Zdaniem Jakiego sędziowie "odpowiadają przed korporacją". - My jesteśmy zdeterminowani, żeby sprawić, aby wreszcie poczuli jakąś większą odpowiedzialność, a nie żeby myśleli, że odpowiadają tylko i wyłącznie przed korporacją i są bezkarni - wyjaśnił.
- Musimy sędziów zbliżać do obywateli. To, że będą wybierani przez przedstawicieli ludzi, którzy są w parlamencie jest złym rozwiązaniem, ale lepszym niż wybieranie przez korporację - stwierdził. - Jestem zwolennikiem, czego nigdy nie ukrywałem, żeby sędziowie w znacznej części byli wybierani w wyborach powszechnych - dodał.
Odniósł się też do opinii sędziego TK w stanie spoczynku Wiesława Johanna, przedstawiciela prezydenta w KRS, który skrytykował rozwiązania zaproponowane przez PiS.
- Jesteśmy przedstawicielami obywateli i chcę powiedzieć, że korporacja sądownicza miała ponad 25 lat na to, żeby zrobić porządek - stwierdził Jaki.
Na pytanie, czy sędzia Johann broni korporacji sądowniczej, Jaki odpowiedział: - Tak to mogę odebrać, niestety.
Dodał, że sędzia Johann jest dla niego autorytetem. - Cenię zdanie pana sędziego, natomiast w tej sprawie się z nim nie zgadzam - powiedział wiceminister.
"Chcemy sprawić, żeby każdy sędzia miał bierne prawo wyborcze"
- W polskim KRS bierne prawo wyborcze ma ok. 4 proc. sędziów, a my chcemy sprawić, żeby każdy je miał - mówił Jaki. - Najwięcej do czynienia z ludźmi mają sędziowie rejonowi, którzy praktycznie nie są reprezentowani w tym ciele. Chcemy sprawić żeby KRS było bardziej reprezentatywne - zaznaczył.

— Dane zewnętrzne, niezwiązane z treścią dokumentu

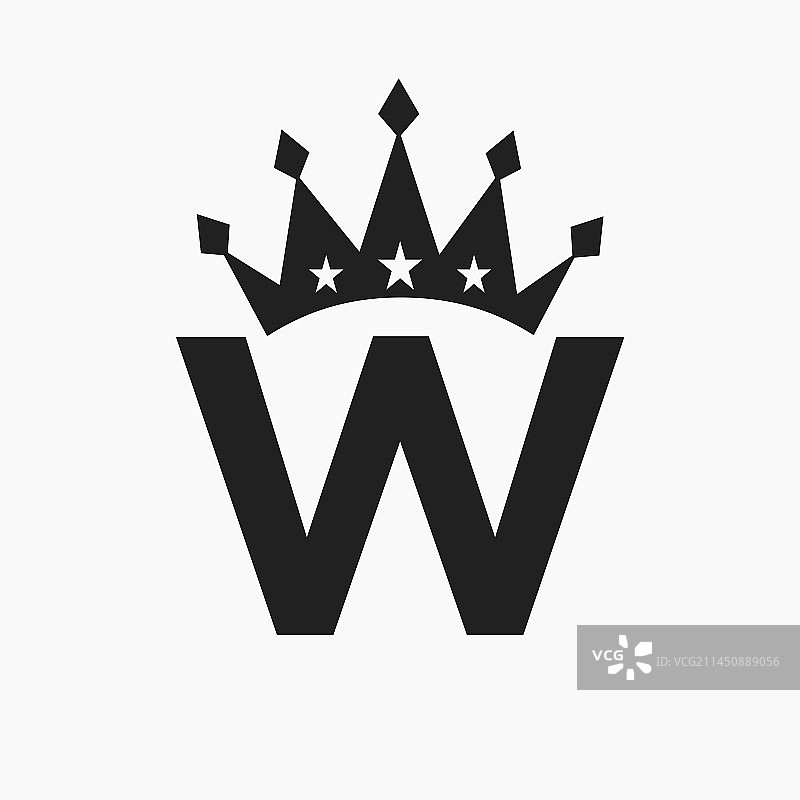 字母W奢华皇冠标志图片素材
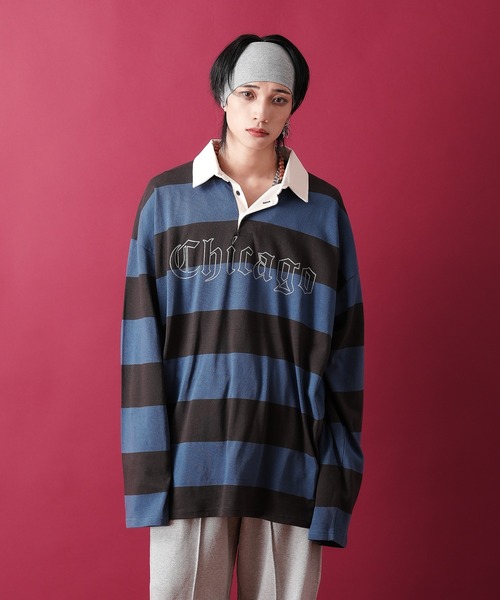 「ankoROCK」 「mars/dean」長袖ポロシャツ ONESIZE ブルー メンズ_画像8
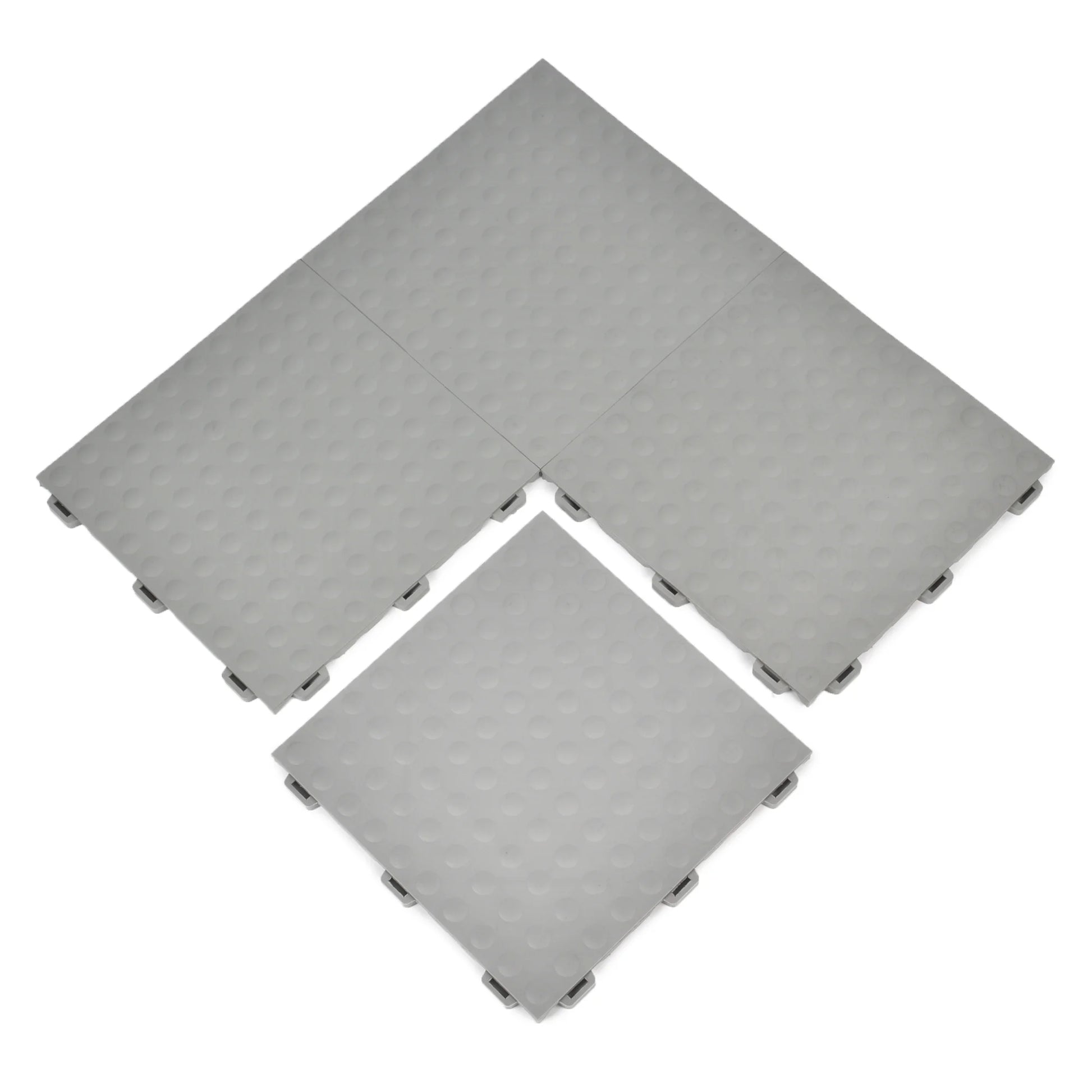 Greatmats StayLock Home Gym Bump Top Anti-Fatigue Commercial Waterproof PVC Floor Tile, Gray, 26 pack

Wiceminister ocenił, że "sądownictwo działa w Polsce źle". - W czasie kampanii wyborczej obiecaliśmy ludziom, że je zmienimy i jesteśmy zdeterminowani, żeby to zrobić - podkreślił.
- III Rzeczpospolita powstała w taki sposób, że komunistyczne władze zgodziły się oddać swoje przywileje pod warunkiem, że zachowają sądy, trybunały. I utrzymały wyjątkową możliwość kształtowania tego zawodu przez lata - ocenił Jaki.
- Teraz do Sejmu wpłynie szereg ustaw dotyczących reformy sądownictwa, m.in. o powołaniu komisji, która zajmie się zmianami w konstytucji, pozwalającymi na wybór sędziów w wyborach powszechnych - zapowiedział wiceminister sprawiedliwości.
Zmiany w KRS
Projekt zmian w Krajowej Radzie Sądownictwa przewiduje m.in., że odtąd to Sejm - a nie sądy - będzie wskazywał 15 sędziów zasiadających w KRS. Kadencje obecnych mają zostać wygaszone w ciągu 90 dni.
Inna ze zmian zakłada, że w KRS zostaną utworzone dwa Zgromadzenia.
W skład Pierwszego Zgromadzenia będą wchodzić: I prezes Sądu Najwyższego, prezes Naczelnego Sądu Administracyjnego, minister sprawiedliwości, osoba wskazana przez prezydenta, czterech posłów i dwóch senatorów. Drugie Zgromadzenie ma tworzyć 15 sędziów wskazanych przez Sejm.
Zgodnie z projektem, kandydatury przyszłych sędziów - lub sędziów oczekujących na awans - będą musiały być pozytywnie zaopiniowane przez oba zgromadzenia KRS.